Probably you meant a difference in the file paths? In Windows you normally use backslash \ as a path separator, in Unix-like systems (Linux/FreeBSD/MacOS…) you use a slash /. The regex for those systems as a Python/JSON/Jsonnet string would be: "[^/]+$"

1 Like

Some people, when confronted with a problem, think “I know, I’ll use regular expressions.” Now they have two problems. – Jamie Zawinski

Think about how many failed attempts you had trying to get the regex right, and even when you got it, it is unreadable line noise.

Here is the right way to rename a file, keeping the path and the file extension unchanged. It is readable and self-explanatory:

import os
filename = 'fee/fi/fo/fum/abc.xyz'
path, name = os.path.split(filename)
name, ext = os.path.splitext(name)
new_filename = os.path.join(path, "bcd" + ext)

And it works regardless of whether you use forward-slashes (Linux, Mac, Unix and Windows) or backslashes (only Windows).

It is a little bit longer to type, but you can see it is correct at a glance.

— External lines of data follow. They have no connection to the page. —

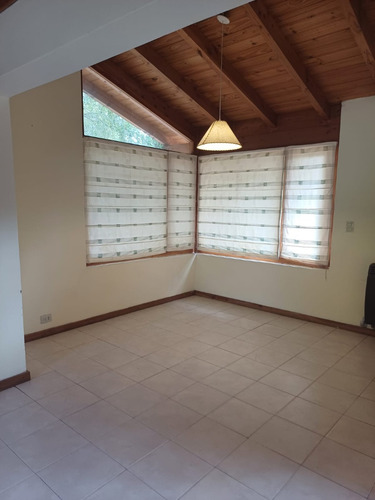 Casa Apata Credito En Barrio Jockey Club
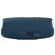 JBL Charge 5 Waterproof Portable Bluetoo...: Picture 3 thumbnail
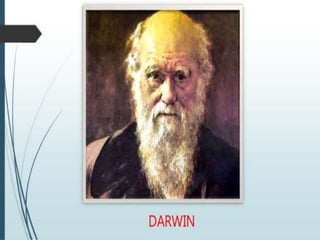 1. Heredity and Genetics.pptx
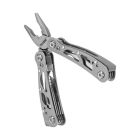 Многофункциональный инструмент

Unlike this regex:

new_filename = re.sub("[^\\\\]+$", 'bcd', filename)

which can only work with backslashes, that is, if it works at all. Who the hell can tell just by reading it??? Not me, that’s for sure.

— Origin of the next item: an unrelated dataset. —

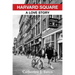 Harvard Square: A Love Story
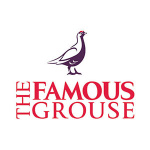 Famous Grouse logo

If you need to do it a lot of times, put it into a function, and call the function.

Alternatively, you can use pathlib:

import pathlib
filename = pathlib.Path('fee/fi/fo/fum/abc.xyz')
new_filename = filename.with_name('bcd').with_suffix(filename.suffix)
2 Likes

Windows will accept slashes in most places. Do you ever get backslashes in filenames on Linux or Mac? I think it’s unlikely, so you could add a slash to the regex:

new_filename = re.sub("[^/\\\\]+$", 'bcd', filename)
1 Like

Regexes are OS agnostic, but they aren’t language agnostic. Different programming languages have different regex features and syntax.

Windows pathnames can use forward slashes interchangeably with backslashes. If you need to specify a pathname in Python, there is very little good reason to fight with backslashes and raw strings when you can just use forward slashes in a file-system independent way.

I think the only exception is if you are calling out to an external Window application running in the Windows shell, there are some places where you can’t use forward slashes because the shell thinks they specify command line options.